▶ _Instructions for the task_
No pictures belong in the copy. Retype exactly, and only, the stretch of lines below from the one with "2021 Toyota Camry" through the one with "Nietypowy pojazd na".

Records Block Start

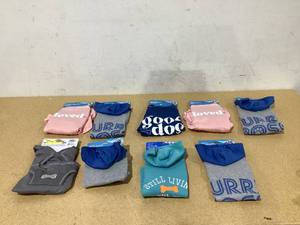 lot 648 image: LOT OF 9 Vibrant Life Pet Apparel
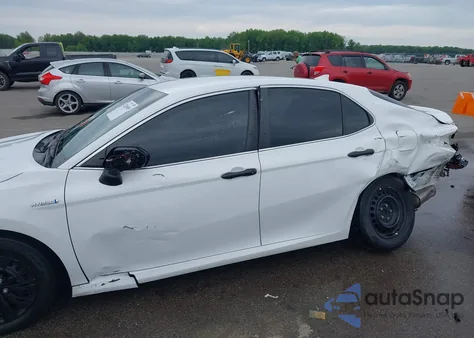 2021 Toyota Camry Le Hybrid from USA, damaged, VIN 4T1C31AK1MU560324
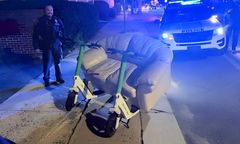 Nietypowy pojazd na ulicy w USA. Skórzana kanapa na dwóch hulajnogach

Records Block End
Records Block Start

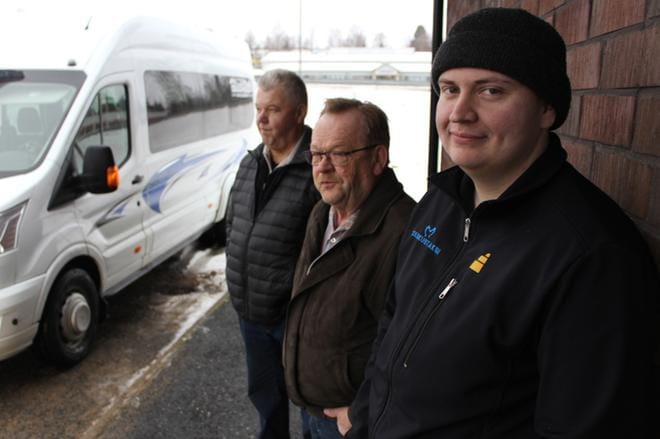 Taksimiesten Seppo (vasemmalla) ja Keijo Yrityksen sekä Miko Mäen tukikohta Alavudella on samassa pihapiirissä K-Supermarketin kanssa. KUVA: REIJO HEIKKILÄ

Records Block End

▶ _Answer below_
 2021 Toyota Camry Le Hybrid from USA, damaged, VIN 4T1C31AK1MU560324
 Nietypowy pojazd na ulicy w USA. Skórzana kanapa na dwóch hulajnogach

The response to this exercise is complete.